If we want our students to embrace creativity, to approach writing as a craft and not just as a means to an end^^^, why do we not require them to work with our Creative Writing faculty, faculty who have spent years approaching writing as a craft?
It certainly cannot do them any harm, and will undoubtedly serve them well.
*I also had a fantastic opportunity come my way, the chance to contribute a couple chapters to a forthcoming volume in Oxford UP’s History of the Novel in English. This required reading some new – and very long! – novels, and the realization that I am in no way capable of doing justice to the topic, American historical novels after 1940. I ended up having a great deal of fun with this, and developed a profound respect for people who do this kind of work well. I’m glad I got to do this, because it forced me to do a kind of writing I have never tried before. I’ll get back to this idea later in this post.
**One of my pet peeves in research projects – at any level – is when students see “research” as an exercise in finding quotations in published work that they can drop into their work to prove they did research.
***For reasons I don’t remember, we spent a fair amount of time at the end of our classes playing music videos, and ended up looking at quite a lot of hair metal.
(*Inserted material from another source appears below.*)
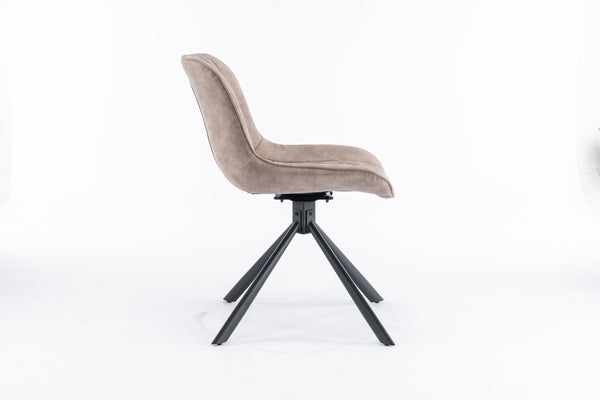 English Elm Mid-Century Modern Tufted Swivel Accent Chairs, Set Of 2 - Stylish Upholstered Dining Room Seating T3903P405988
Those of you who know me well know that I unapologetically love hair metal. Often, I swear, this was related to some aspect of our conversations about their research. One class, where we discussed obvious sexual imagery in art, led me to show my students what I believe to be the least subtle of all the hair metal works. You’re welcome.
****I’ll save for another time how I plan on incorporating over time these various lessons into my other classes. You know, once I figure out that plan. But I will slowly work aspects of this pedagogical approach into my teaching on a fundamental level. It will take time, but I have a long career to work this out.
^I have recently joined the university’s General Education Task Force, which is charged with re-thinking our General Education program. This is very important work, and I am encouraged by the spirit of change and openness to new ideas reflected by many on the task force. Instead of trying to “fix” what’s wrong, we are planning on completely redesigning the program. This is about blowing it up and building anew, and not tweaking what currently exists.
^^Although I never had the opportunity to study with him, my friends from grad school all speak about the wonderful work Prof. Tom Jambeck did in the classroom. If memory serves, he had students engage in “wrangling” exercises, which were intense workshops for the graduate students. These exercises were not merely about content, but were honest workshopping events, geared to help the students become better writers as well as better thinkers. It would not surprise me to learn that some of his students continue that practice in their classes today.
^^^I had a student this semester, a very smart student, who does not at all approach writing as a craft. He’s bright and thoughtful – and over the past few years has come a long way in his thinking – but a terrible writer. If spent half as much time to writing as a craft as he does to thinking about abstract ideas, he would be one of the department’s best students. Sadly, in all the years I have known him, he has not spent any significant time trying to become a better writer, despite all the time he has devoted to becoming a better reader.